To check the robustness of results, we performed sensitivity analyses (1) including three-armed studies which had been excluded because they did not meet all inclusion criteria, but still could be considered because they addressed the questions investigated in this review ("borderline" studies; see Results); (2) using different outcomes for studies with more than one relevant outcome at the completion of treatment; and (3) using dichotomous outcome measures (with a relative risk <1 indicating a beneficial effect).
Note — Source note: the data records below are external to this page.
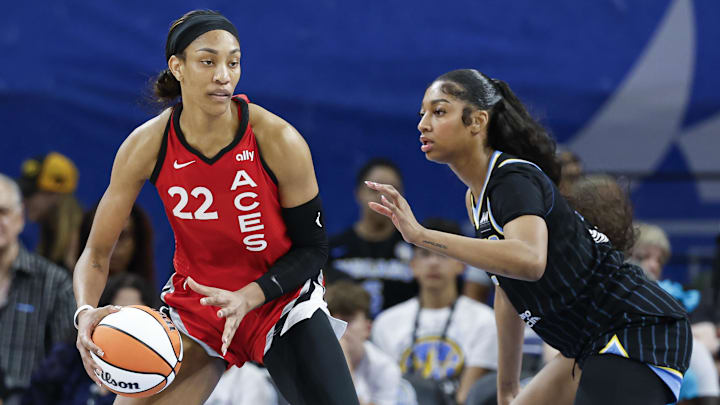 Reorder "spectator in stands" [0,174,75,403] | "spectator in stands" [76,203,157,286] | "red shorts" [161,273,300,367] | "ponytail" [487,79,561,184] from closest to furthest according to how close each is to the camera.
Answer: "red shorts" [161,273,300,367] < "ponytail" [487,79,561,184] < "spectator in stands" [0,174,75,403] < "spectator in stands" [76,203,157,286]

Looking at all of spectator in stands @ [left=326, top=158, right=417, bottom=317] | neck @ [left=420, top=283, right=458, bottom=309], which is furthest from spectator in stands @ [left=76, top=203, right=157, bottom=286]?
neck @ [left=420, top=283, right=458, bottom=309]

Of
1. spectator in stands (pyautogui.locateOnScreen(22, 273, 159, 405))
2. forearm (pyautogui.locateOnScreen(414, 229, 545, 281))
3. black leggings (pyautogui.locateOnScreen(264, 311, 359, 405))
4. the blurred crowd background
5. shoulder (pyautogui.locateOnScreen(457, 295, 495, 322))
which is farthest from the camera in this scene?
the blurred crowd background

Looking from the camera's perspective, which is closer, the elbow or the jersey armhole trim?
the elbow

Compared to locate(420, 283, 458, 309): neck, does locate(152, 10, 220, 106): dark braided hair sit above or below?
above

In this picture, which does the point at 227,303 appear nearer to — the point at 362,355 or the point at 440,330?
the point at 362,355

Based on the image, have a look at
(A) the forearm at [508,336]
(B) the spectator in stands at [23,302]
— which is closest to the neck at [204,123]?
(A) the forearm at [508,336]

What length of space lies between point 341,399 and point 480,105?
4.04 feet

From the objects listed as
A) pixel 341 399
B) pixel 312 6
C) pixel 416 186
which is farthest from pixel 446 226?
pixel 341 399

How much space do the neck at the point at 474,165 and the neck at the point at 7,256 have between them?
3.37 meters

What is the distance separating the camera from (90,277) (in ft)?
11.9

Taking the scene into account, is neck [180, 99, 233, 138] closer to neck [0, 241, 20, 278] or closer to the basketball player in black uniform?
the basketball player in black uniform

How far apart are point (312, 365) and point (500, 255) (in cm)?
86

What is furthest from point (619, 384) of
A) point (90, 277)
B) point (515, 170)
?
point (90, 277)

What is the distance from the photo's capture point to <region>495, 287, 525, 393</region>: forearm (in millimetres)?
4039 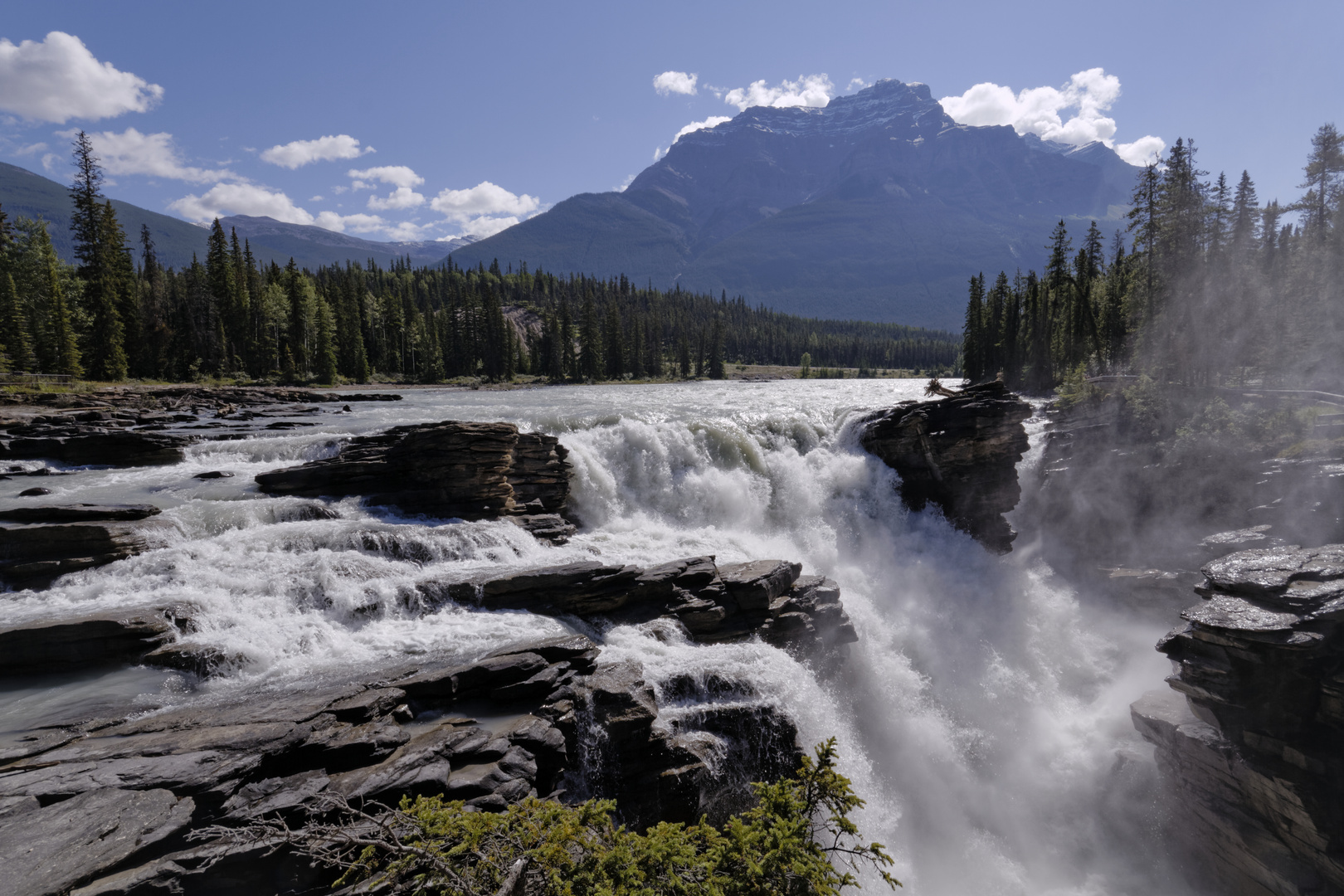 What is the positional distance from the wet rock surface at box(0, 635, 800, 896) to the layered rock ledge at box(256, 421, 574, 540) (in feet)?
30.0

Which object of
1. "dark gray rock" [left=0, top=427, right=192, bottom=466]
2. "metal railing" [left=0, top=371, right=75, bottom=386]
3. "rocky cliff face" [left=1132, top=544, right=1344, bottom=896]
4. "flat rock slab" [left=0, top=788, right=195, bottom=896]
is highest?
→ "metal railing" [left=0, top=371, right=75, bottom=386]

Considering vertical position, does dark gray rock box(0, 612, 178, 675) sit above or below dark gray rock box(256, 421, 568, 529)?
below

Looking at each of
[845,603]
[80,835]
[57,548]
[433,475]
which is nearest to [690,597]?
[845,603]

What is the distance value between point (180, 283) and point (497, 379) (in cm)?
4650

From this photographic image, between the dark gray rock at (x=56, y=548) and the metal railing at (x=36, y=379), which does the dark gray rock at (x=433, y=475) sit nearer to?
the dark gray rock at (x=56, y=548)

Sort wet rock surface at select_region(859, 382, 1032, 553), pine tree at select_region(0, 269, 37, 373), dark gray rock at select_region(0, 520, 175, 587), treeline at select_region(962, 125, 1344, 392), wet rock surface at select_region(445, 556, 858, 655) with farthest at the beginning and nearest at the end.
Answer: pine tree at select_region(0, 269, 37, 373) → treeline at select_region(962, 125, 1344, 392) → wet rock surface at select_region(859, 382, 1032, 553) → wet rock surface at select_region(445, 556, 858, 655) → dark gray rock at select_region(0, 520, 175, 587)

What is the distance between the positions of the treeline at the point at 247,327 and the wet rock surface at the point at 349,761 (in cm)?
5084

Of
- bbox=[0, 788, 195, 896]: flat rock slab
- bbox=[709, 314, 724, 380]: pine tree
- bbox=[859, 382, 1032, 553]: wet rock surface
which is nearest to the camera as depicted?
bbox=[0, 788, 195, 896]: flat rock slab

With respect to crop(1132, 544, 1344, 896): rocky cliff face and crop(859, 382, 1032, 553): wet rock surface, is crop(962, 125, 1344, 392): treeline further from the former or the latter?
crop(1132, 544, 1344, 896): rocky cliff face

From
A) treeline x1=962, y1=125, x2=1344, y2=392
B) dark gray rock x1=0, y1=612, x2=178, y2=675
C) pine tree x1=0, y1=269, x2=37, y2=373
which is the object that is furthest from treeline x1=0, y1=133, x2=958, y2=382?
treeline x1=962, y1=125, x2=1344, y2=392

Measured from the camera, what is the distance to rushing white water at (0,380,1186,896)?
436 inches

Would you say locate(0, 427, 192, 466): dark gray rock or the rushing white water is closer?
the rushing white water

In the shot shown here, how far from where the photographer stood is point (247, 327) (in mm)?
65938

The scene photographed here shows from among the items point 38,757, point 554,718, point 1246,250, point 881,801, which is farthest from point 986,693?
point 1246,250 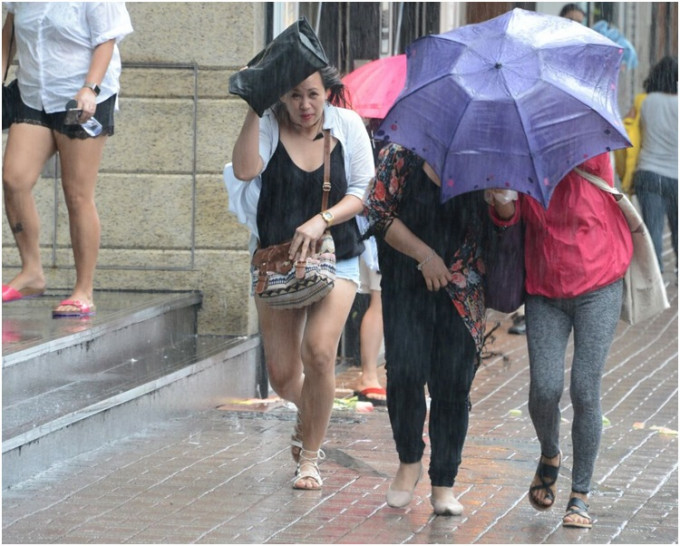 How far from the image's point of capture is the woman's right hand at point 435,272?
5.84 metres

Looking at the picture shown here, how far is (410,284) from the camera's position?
5988 mm

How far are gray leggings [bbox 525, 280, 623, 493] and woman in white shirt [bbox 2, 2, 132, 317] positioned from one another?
3228mm

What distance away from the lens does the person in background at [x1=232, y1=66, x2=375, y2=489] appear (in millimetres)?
6375

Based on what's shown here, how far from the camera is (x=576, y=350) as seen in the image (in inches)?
234

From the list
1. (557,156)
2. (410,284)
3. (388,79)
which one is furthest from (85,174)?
(557,156)

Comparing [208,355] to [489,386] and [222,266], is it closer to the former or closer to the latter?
[222,266]

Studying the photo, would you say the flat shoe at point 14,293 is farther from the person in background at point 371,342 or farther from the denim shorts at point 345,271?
the denim shorts at point 345,271

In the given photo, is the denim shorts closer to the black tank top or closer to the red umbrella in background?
the black tank top

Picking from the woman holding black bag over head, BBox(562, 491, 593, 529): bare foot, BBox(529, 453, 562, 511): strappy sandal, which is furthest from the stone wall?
BBox(562, 491, 593, 529): bare foot

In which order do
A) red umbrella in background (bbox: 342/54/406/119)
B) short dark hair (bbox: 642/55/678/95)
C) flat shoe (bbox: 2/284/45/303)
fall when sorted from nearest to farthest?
flat shoe (bbox: 2/284/45/303)
red umbrella in background (bbox: 342/54/406/119)
short dark hair (bbox: 642/55/678/95)

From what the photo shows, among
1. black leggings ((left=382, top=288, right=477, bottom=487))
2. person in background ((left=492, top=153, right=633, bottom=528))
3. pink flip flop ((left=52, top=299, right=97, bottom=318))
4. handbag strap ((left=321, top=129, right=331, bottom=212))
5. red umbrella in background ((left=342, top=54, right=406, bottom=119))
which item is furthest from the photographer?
red umbrella in background ((left=342, top=54, right=406, bottom=119))

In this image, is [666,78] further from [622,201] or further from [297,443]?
[622,201]

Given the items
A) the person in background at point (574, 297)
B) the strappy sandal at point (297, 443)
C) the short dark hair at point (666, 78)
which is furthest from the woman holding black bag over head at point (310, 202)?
the short dark hair at point (666, 78)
For exploratory analyses, we defined further subgroups: larger (at least 100 patients) and smaller (< 100 patients) comparisons; lower and higher risk of bias (see data extraction and quality assessment); studies with intense or less intense cointerventions in all study arms, with and without skin penetration (and depending on where needles were placed) in sham groups; studies with and without a clearly defined main outcome measure; and studies describing sham in the consent procedure as another treatment or placebo. In multivariate random effects meta-regression analyses, we investigated simultaneously the influence of risk of bias, cointerventions, skin penetration in the sham group and condition (chronic pain vs others). Analyses were carried out using the restricted information maximum likelihood (REML) method. For meta-regression analyses, PASW versions 17.0 and 18.0 software (SPSS, Chicago, IL, USA) using additional macros described by Wilson was used [
32]. To investigate the hypothesis that there is an inverse correlation between specific and nonspecific effects (that is, trials with large nonspecific effects are less likely to find large specific effects than are trials with small nonspecific effects), we performed a linear regression analysis using the inverse of the squared pooled standard error as a weighting factor.
Conclusions
Sham acupuncture interventions are often associated with moderately large nonspecific effects, which could make it difficult to detect small additional specific effects. Compared to inert placebo interventions, effects associated with sham acupuncture might be larger, which would have considerable implications for the design and interpretation of clinical trials. Total effects of acupuncture interventions including both specific and nonspecific effects often seem to be at least moderate in size. We believe that there has to be a discussion involving scientists, decision makers, health care providers and patients whether and when the evidence for clinically relevant total effects from nonblinded comparisons is sufficient to consider a treatment effective, even if specific effects due to the postulated mechanism of action might be minor or even nonexistent.
Competing interests
KL received travel reimbursement and fees for speaking at conferences organized by acupuncture societies in the USA, UK, Germany, Japan and Spain. Antonius Schneider received fees for lecturing for a German acupuncture society (DÄGfA) until 2006. KM and KN do not have any conflicts of interest.
Authors' contributions
KL, KN and KM were involved in the literature search, data extraction and analysis. AS provided advice on acupuncture and participated in the interpretation of the data. KL conceived and coordinated the study and wrote the first draft of the manuscript. All authors commented on drafts and approved the final manuscript.